Have you ever thought to yourself, "Gee, I sure wish I could cryptographically prove in quantum-resistant zero knowledge that I computed a gigantic chain of hashes correctly"? Well good news because this repo will fill that burning hole in your heart with a plonky2-based implementation of a prover/verifier pair for a recursive computation chain that argues the computational integrity of a series of hashes a la IVC style and outputs a compressed proof of constant size. The recursive nature of this circuit gives desireable scaling characteristics, and this work presents and effort to better understand the unique design challenges presented when working with low-level circuitry.
You can download the repo and run the main branch with:
cargo test
Which is run in release mode by default. This repo requires the nightly toolchain. If you are seeing errors related to:
6 | #![feature(specialization)]
| ^^^^^^^^^^^^^^^^^^^^^^^^^^^
error[E0554]: `#![feature]` may not be used on the stable release channel
|
7 | #![cfg_attr(target_arch = "x86_64", feature(stdarch_x86_avx512))]
| ^^^^^^^^^^^^^^^^^^^^^^^^^^^
error[E0554]: `#![feature]` may not be used on the stable release channel
|
7 | #![cfg_attr(target_arch = "x86_64", feature(stdarch_x86_avx512))]
| ^^^^^^^^^^^^^^^^^^
Then please double check your toolchain. Otherwise, this repo should work out of the box.
You can also run:
RUSTFLAGS="-Ctarget-cpu=native" cargo run --release --example circuit_telemetry -- -vv --steps 20
To quickly benchmark prover and verifer performance, as well as examine details about the chain over a given number of steps:
[2024-08-23T08:01:38Z INFO hash_chain] Number of gates in circuit: 112960
[2024-08-23T08:01:46Z INFO hash_chain] Total Proof length: 133440 bytes
[2024-08-23T08:01:46Z INFO circuit_telemetry] Proof time: 9.733192095s
[2024-08-23T08:01:46Z INFO circuit_telemetry] Verification time: 4.142599ms
[2024-08-23T08:01:46Z INFO circuit_telemetry] Circuit depth: 20
The following hashes are available in the recursive chain:
Hasher | Validation |
---|---|
Poseidon Hash | |
Keccak |
The keccak chain fails to build successfully at current, work is ongoing to fix this eventually.
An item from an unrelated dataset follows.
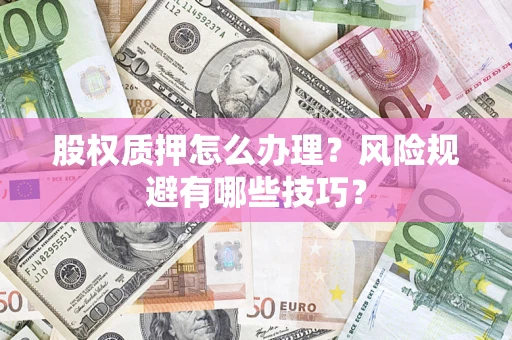 北京股权质押怎么办理？风险规避有哪些技巧？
Our approach is to insert the following gates into the circuit with the requisite connections. It is not enough to create a circuit that simply connects each hash output the next input, the prover must argue the hash computation and verify the preceeding hash in a single step, taking into account the recursive structure of the chain:
+--------------------------------+ +-------------------------+ +------------------------------+
| 1. initialize_circuit_builder | | 2. setup_hashes | | 3. common_data_for_recursion |
| Set up the circuit builder |──▶| Configure initial |──▶| Set up data for recursion |
| and configuration. | | and current hash | | and verifier data inputs. |
+--------------------------------+ | targets and register | +------------------------------+
| | them as public inputs. | |
| +-------------------------+ |
│ │
│ +--------------------+ │
└──────────▶| 4. setup_condition | │
| Set condition for | │
| recursion base. | │
+--------------------+ │
│ ▼
│ +--------------------------------------+
└──────────▶| 5. setup_recursive_layers |
| Configure recursive layers |
| and integrate proof. |
+--------------------------------------+
│ ▲
│ │
│ │
▼ │
+-----------------------------+ │
| 6. process_recursive_layer |──┘
| Handle recursion, verify, |
| and loop through steps. |
+-----------------------------+
│
▼
+-------------------------+
| 7. compile_and_process |
| Finalize circuit and |
| handle processing. |
+-------------------------+
You can also view a rough sketch of a circuit diagram of the entire setup:
- Counter Initialization: A counter gate is initialized to track the depth of recursion.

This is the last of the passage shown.